Lâmia era uma rainha que se transformou numa bruxa que devorava crianças e/ou sugava o sangue de viajantes. Também é descrita como um demônio, um monstro ou um espírito, sempre em formas femininas.

Assim como Medusa, apesar do mito descrever uma Lâmia, associa-se o nome a um tipo de ser mitológico; ou seja, poderiam ter vários vagando por aí. Muitas vezes é descrita como parte mulher, parte serpente: como uma sereia, mas sua cauda seria uma cauda de serpente, não de peixe. Seu rosto pode ser descrito como um rosto bem bonito ou distorcido, dependendo da versão descrita.

Pela versão da mitologia grega, Lâmia era filha de Posídon e rainha da Líbia. Quando Lâmia se tornou amante de Zeus e começou a ter filhos com o deus dos deuses, Hera, esposa de Zeus, enfurecida, como era de praxe, passou a matar os filhos de Lâmia e Zeus.

Alguns sobreviveram, como a ninfa Líbia. Cada vez mais enciumada, Hera, finalmente, transformou Lâmia em um monstro e condenou-a a nunca conseguir fechar os olhos. Lâmia via, assim, imagens de seus filhos mortos todo o tempo e, para amenizar seu sofrimento, Zeus deu-lhe o pode de tirar os olhos quando não quisesse ser assolada pelas terríveis imagens de seus filhos mortos. Lâmia, assim, ficou exilada em uma caverna.

A partir da versão grega do ser mitológico Lâmia, na cultura romana e, posteriormente, na cultura medieval, criou-se a imagens das lâmias, bruxas com cauda de peixe e mulheres da cintura para cima. Assim como as sereias, elas atraíam navegantes com sons agradáveis que emitiam e mostrando sua parte humana, seios e face. Quando atraídos, os navegantes eram mortos, tinham seu sangue sugado – como os vampiros fazem – e, por fim, tinham seus corpos devorados. As lâmias viveriam em rios e fontes de água doce.

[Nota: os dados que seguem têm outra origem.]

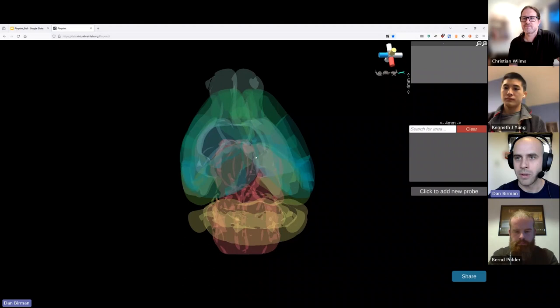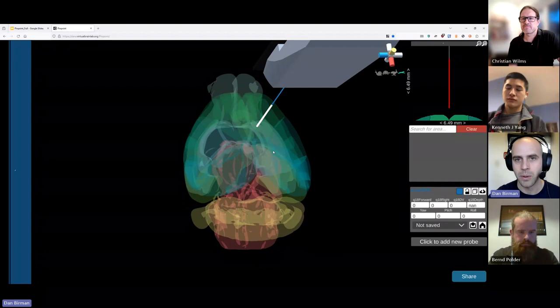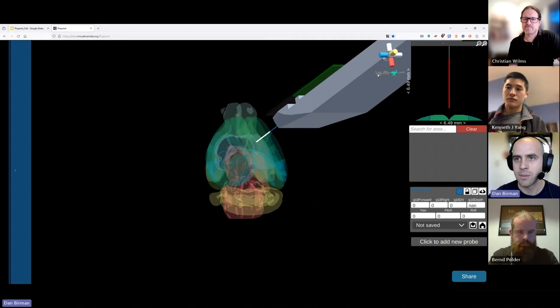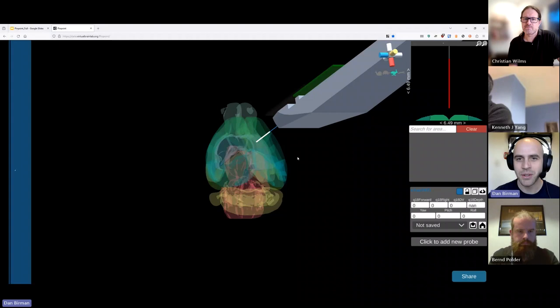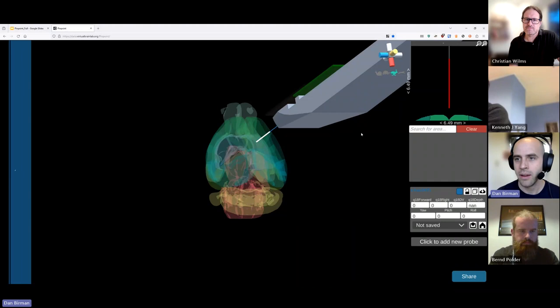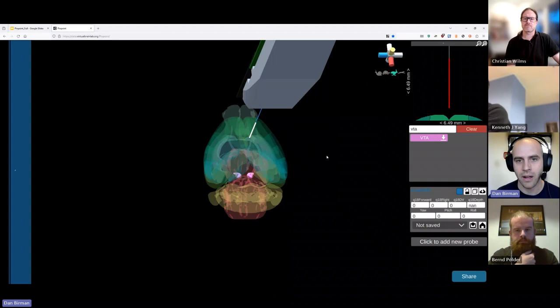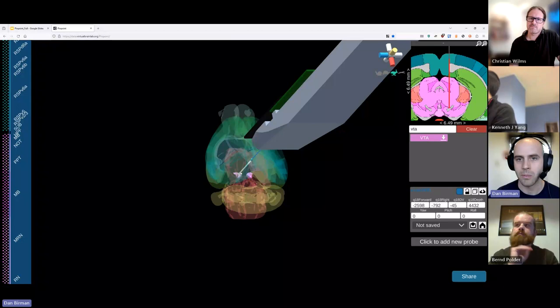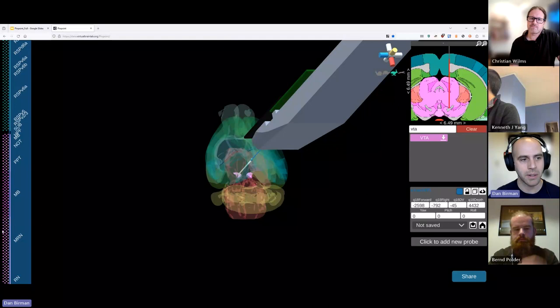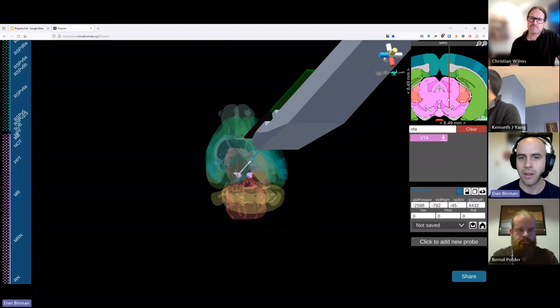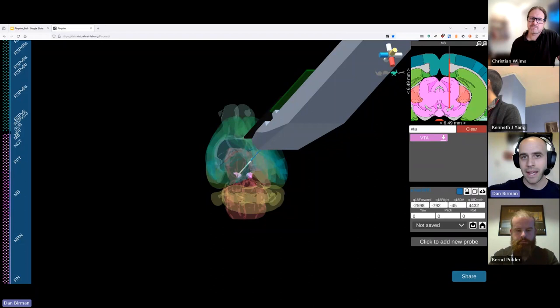You can zoom in and out with your scroll wheel. I'm going to drop a Neuropixels 1.0 probe into the scene. My recommendation is to move probes by snapping them to a brain region first, then adjust the position. Let's imagine we're trying to hit the ventral tegmental area — VTA in the CCF. We can turn that region on as a 3D model and use the snap button to move the tip of the probe there. When snapped, the channel map appeared on the left and the in-plane slice got filled out with a view of the electrodes.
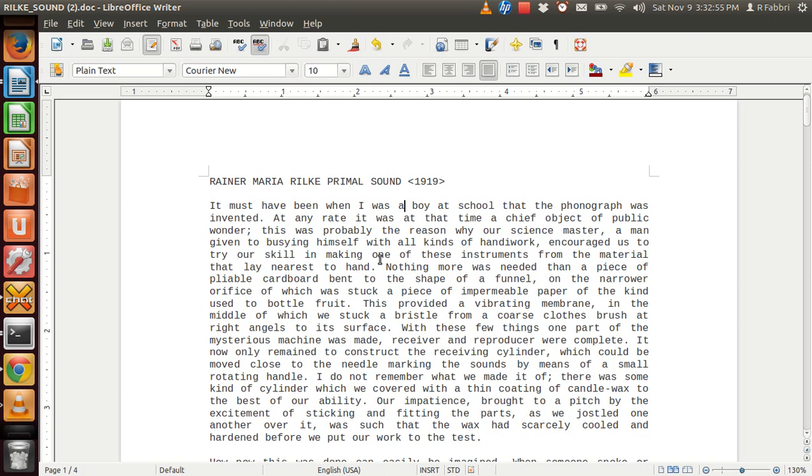Hi, my name is Maria Ryuk. Primal Sound. It must have been when I was a boy at school that the phonograph was invented. At any rate, it was at that time a chief object of public wonder.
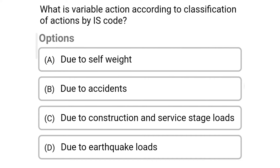Next question: What is the variable action according to classification of action by IS code? Option A: Due to self weight; Option B: Due to accident; Option C: Due to construction and service stage loads; Option D: Due to earthquake loads. The correct answer is Option C: Due to construction and service stage loads.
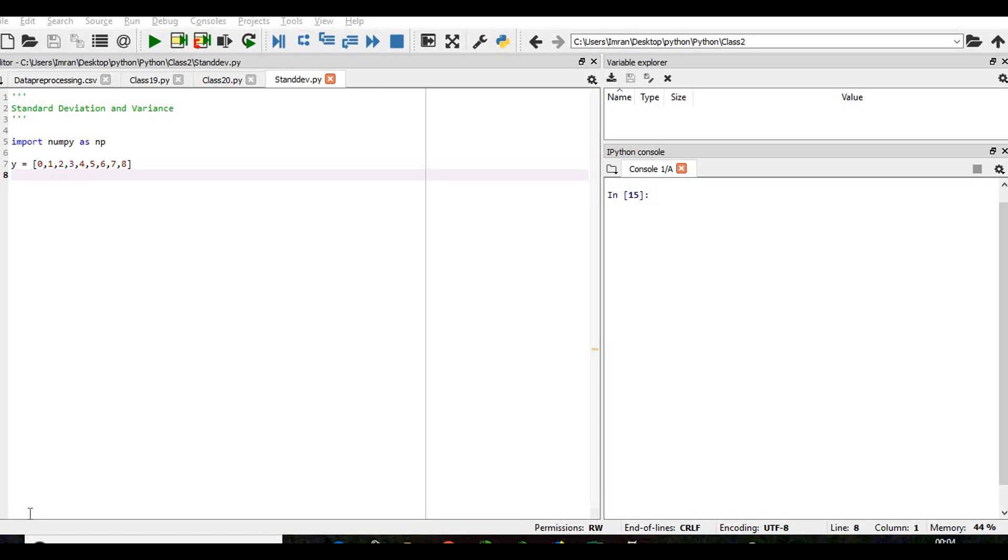In this session we will learn how to calculate the standard deviation and the variance of our distribution. As usual, we have our list of numbers, our distribution, and the numpy library.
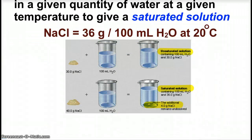That was a refresher on saturated and unsaturated. There are supersaturated solutions as well: if you heat your solvent, dissolve excess solute into it, and then cool it back down trapping that solute in, that's called supersaturated.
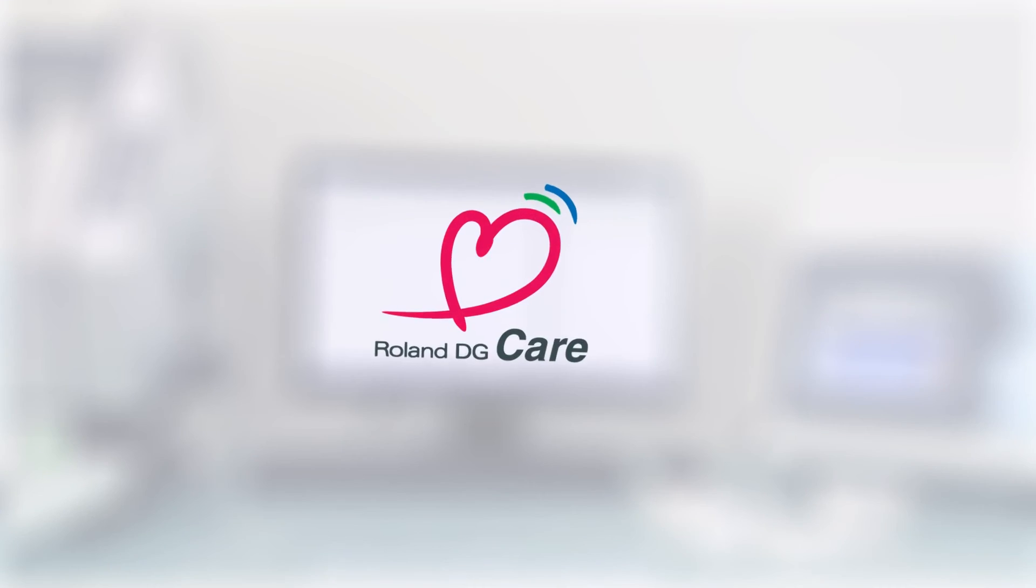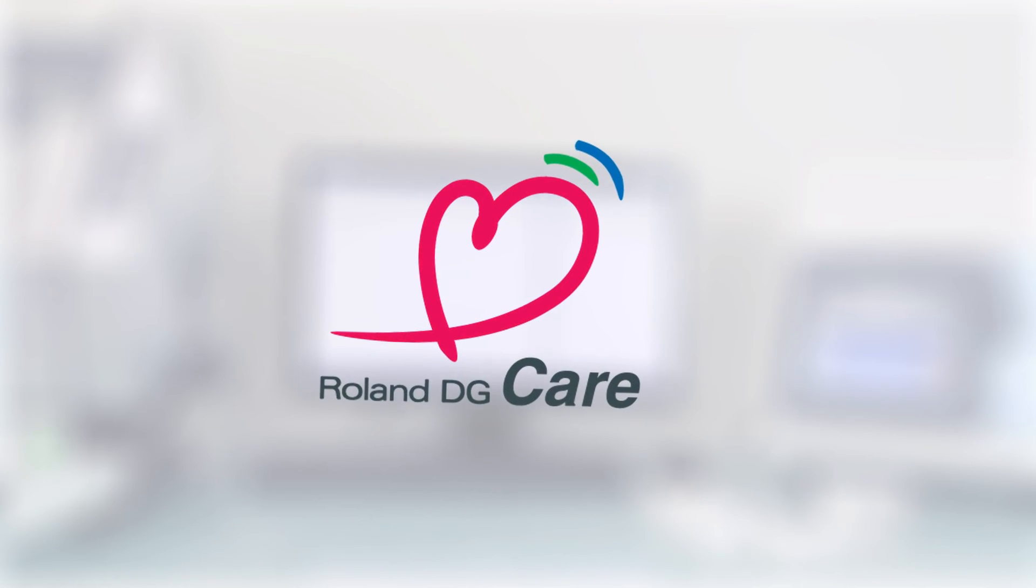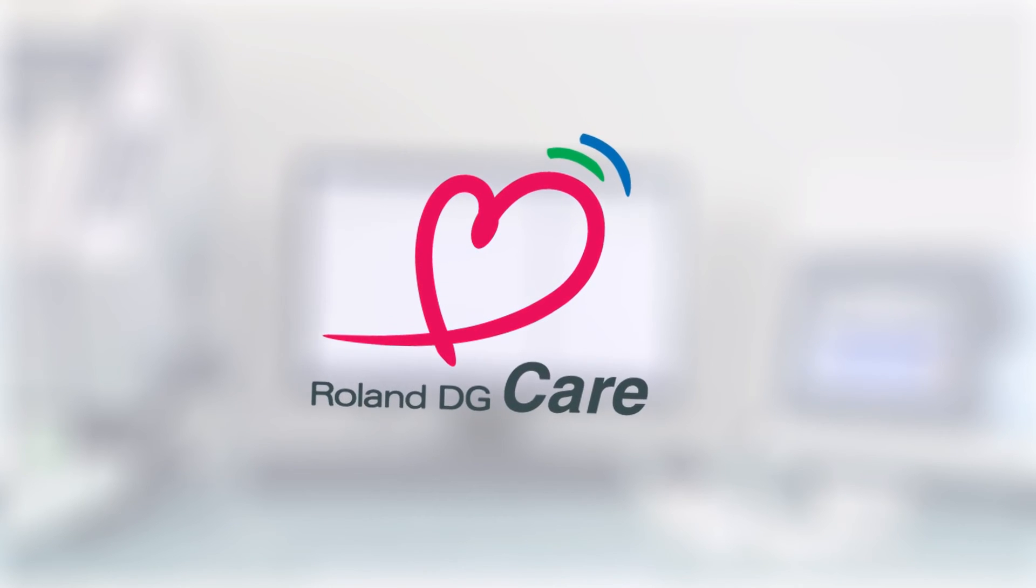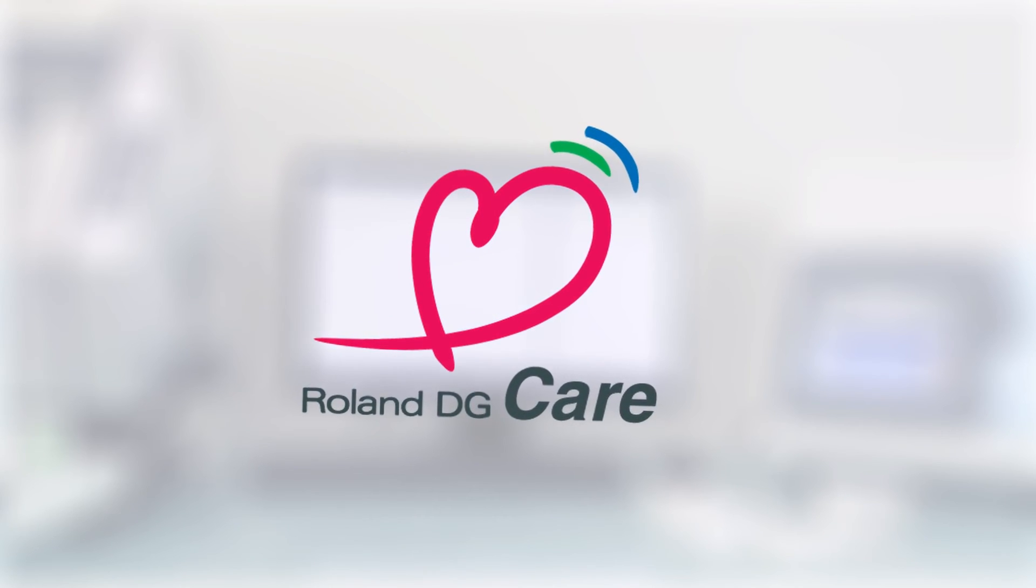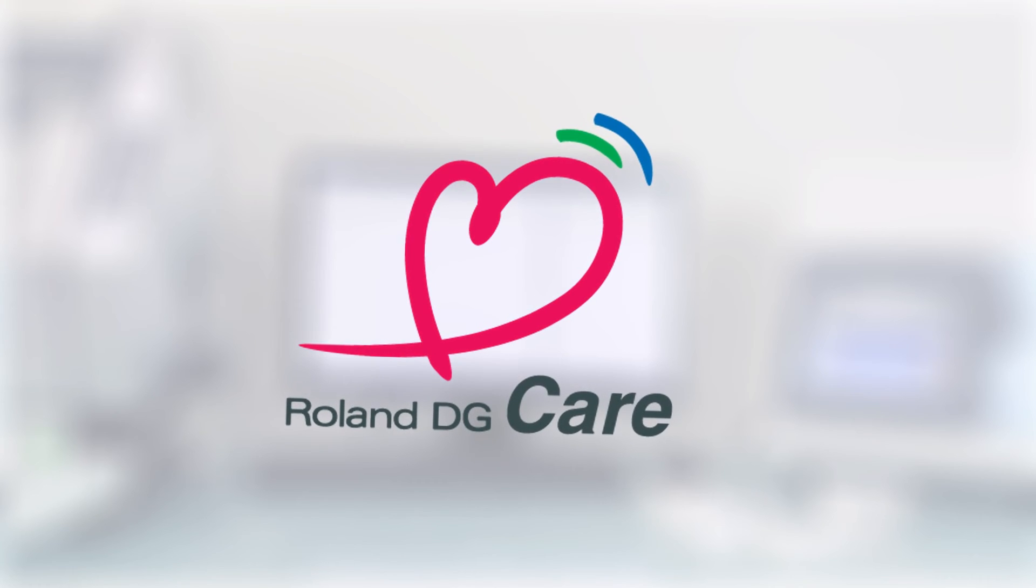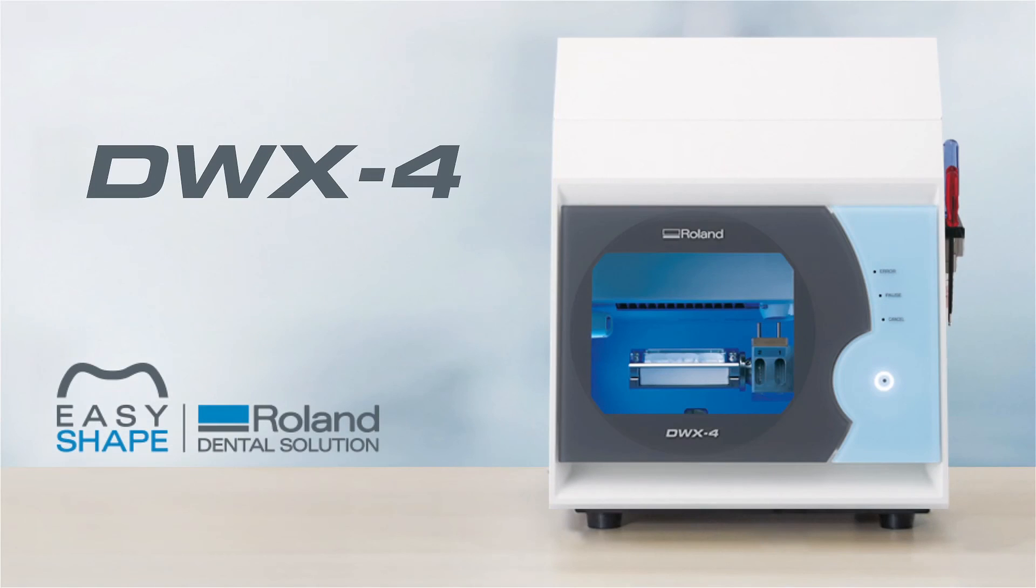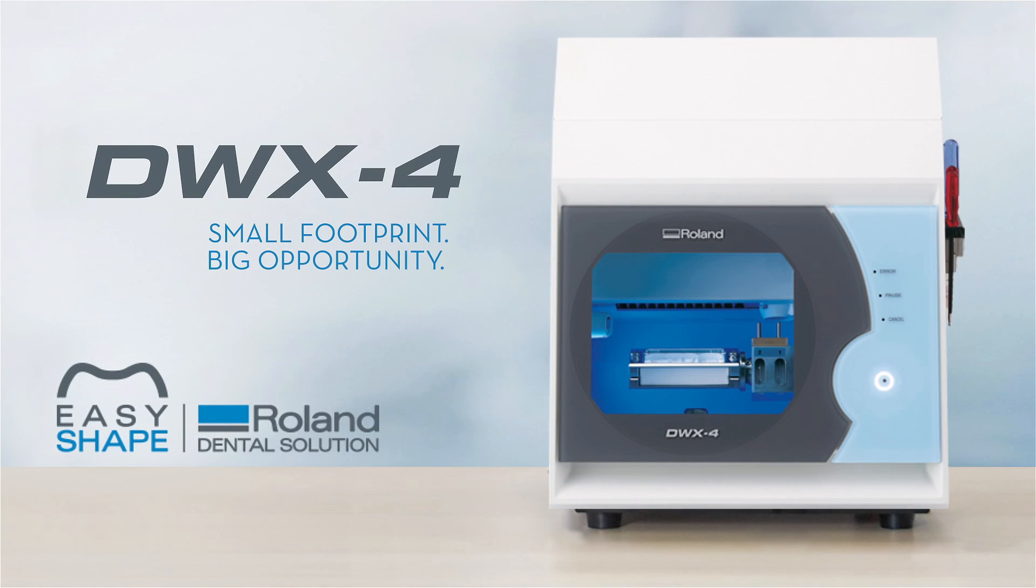Best of all, the DWX4 is backed by Roland Care Support, available in more than 133 countries worldwide. The DWX4 Dental Mill. Small footprint, big opportunity.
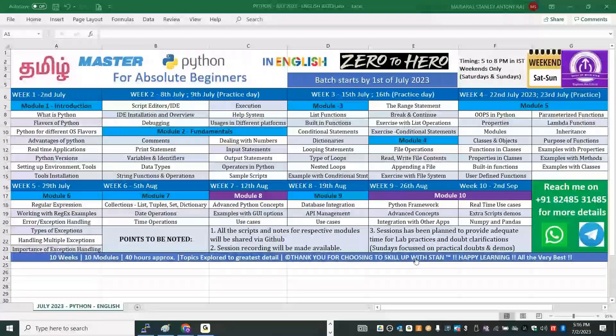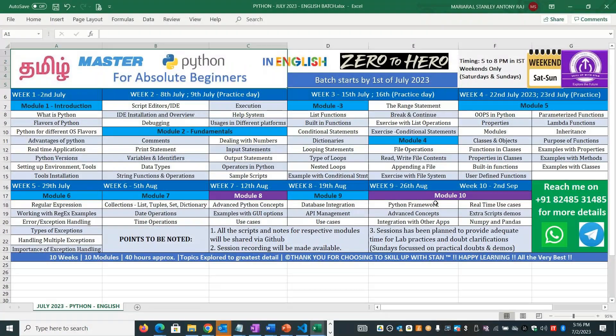This conference will now be recorded. Good evening everyone. Looking at the screen sharing, these are the 10 different modules we will be discussing for the next 10 weeks. Every Saturday we will have a theoretical, practical, and demo session from us.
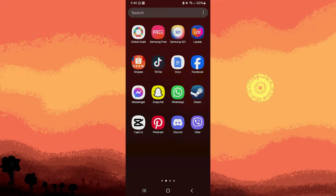Hi, welcome back to another quick guide. Today, I'll teach you how to export Vibrochart history. And it's literally an easy process, so make sure to watch until the end of the video to know how it's done.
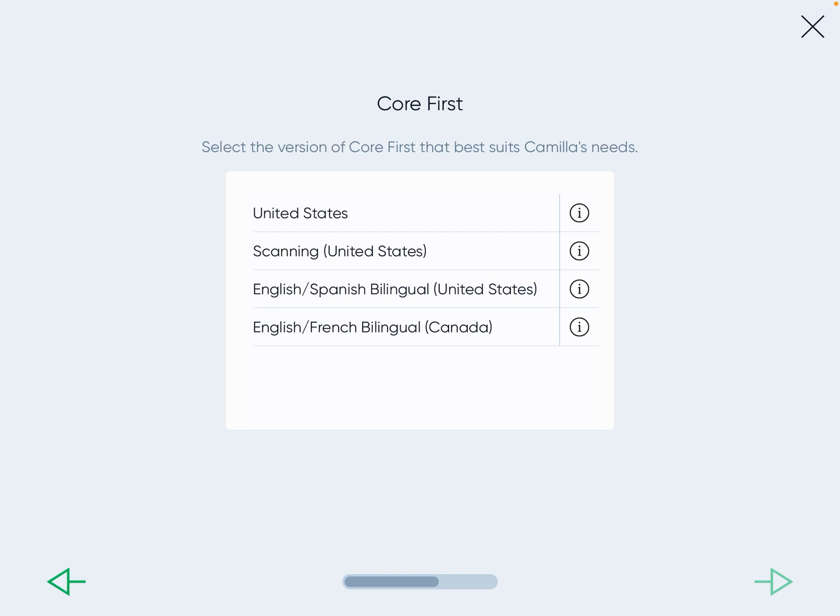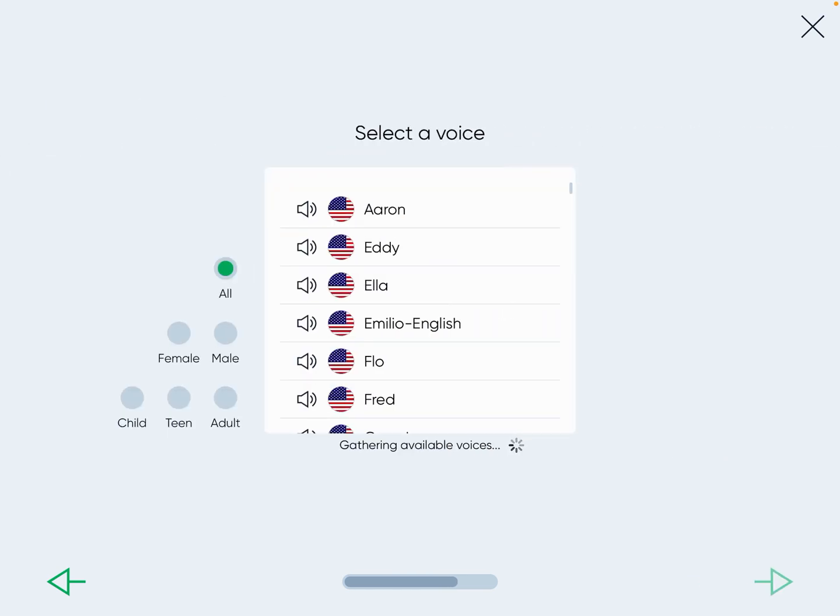What's nice is they set it all up for you and give you multiple grid sizes or buttons-per-page options, which makes it really robust. I'm going to choose English-Spanish bilingual and press the next arrow.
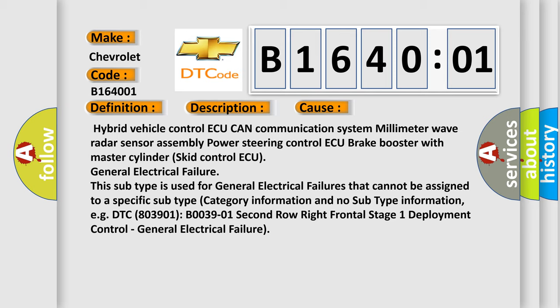This subtype is used for general electrical failures that cannot be assigned to a specific subtype category information and no subtype information. For example, DTC B03901, B003901, second row right frontal stage 1 deployment control general electrical failure.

Também poderiam capturar crianças, atraídas pelos seus sons ou que se perderam, e as devoravam; remetendo assim, a um “João e Maria” mitológico. Mesmo na cultura grega, já se apresentava a noção de Lâmia como um ser que assustava as crianças: uma das versões do mito de transformação de Lâmia em monstro por Hera, narra que Hera obrigava Lâmia a comer seus próprios filhos. Por isso as imagens tão terríveis que Lâmia via. Contava-se que, a partir desse ato de comer os próprios filhos, foi que Lâmia criou o gosto por comer crianças: se satisfazia com viajantes, mas sua preferência eram os pequeninos. Como se pode imaginar, isso assustava muito as crianças gregas.

As lâmias aparecem em outras mitologias europeias, sempre em torno da mesma ideia do ser tomador de sangue. Por esse motivo, muitas vezes as lendas envolvendo lâmias são associadas às primeiras noções do vampirismo.